Allstate petitions us under Fed.R.Civ.P. 23(f) for leave to appeal the district court's decision to certify under Rule 23(b)(2) a class of plaintiffs who allege that Allstate constructively discharged them in order to deprive them of benefits to which ERISA entitled them. We grant the petition (and proceed to decide the merits) because it presents a novel and important issue: whether certification under Rule 23(b)(2) is proper when, though injunctive or declaratory relief is sought rather than damages, individual hearings may be necessary to determine causation and hence liability.

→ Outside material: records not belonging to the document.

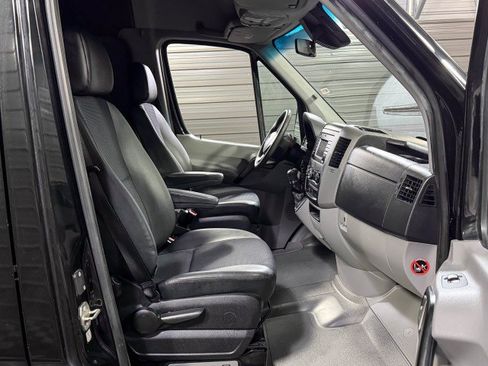 Used 2016 Mercedes-Benz Sprinter 2500 image 19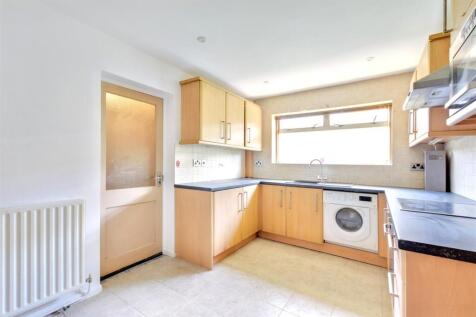 Kitchen_1.jpeg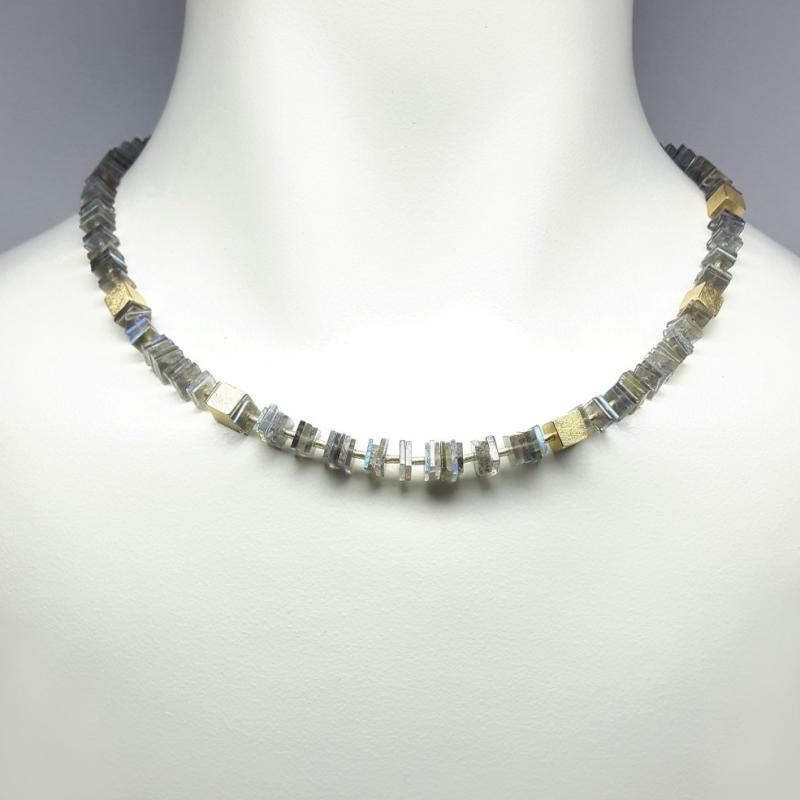 Collier en labradorite et or jaune 18kt. Pièce unique.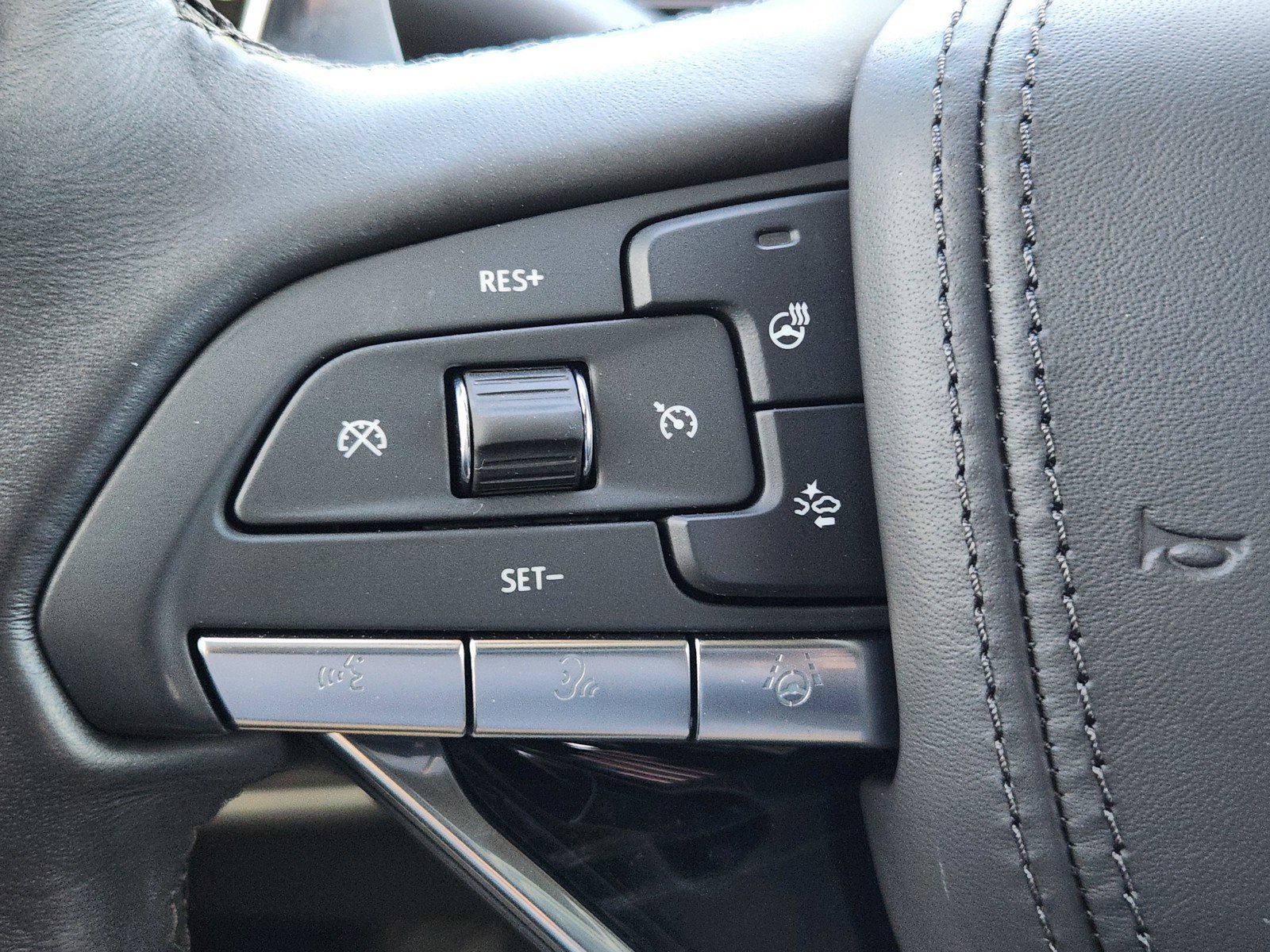 Certified 2023 Cadillac Escalade ESV V AWD/4WD image 24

The plaintiffs' complaint, which the district court held states a claim, alleges the following facts: In 1998 Allstate decided to replace its employee insurance agents with independent contractors, and before announcing a severance package for employees who would lose their jobs harassed them, in violation of ERISA § 510, 29 U.S.C. § 1140, so that they would quit before they could take advantage of the severance benefits. It harassed them by extending office hours, imposing burdensome reporting requirements, reducing or eliminating reimbursement for office expenses, and setting unrealistic sales quotas. As a result of the campaign of harassment, between December 1998 and May 1999 176 agents quit outright and 1,106 others quit as employees but became independent contractors. The class seeks a judgment declaring that the members are entitled to the benefits they would have received under Allstate's ERISA plan had they been fired rather than quitting. Armed with the declaration, they will then ask the court to award them those benefits.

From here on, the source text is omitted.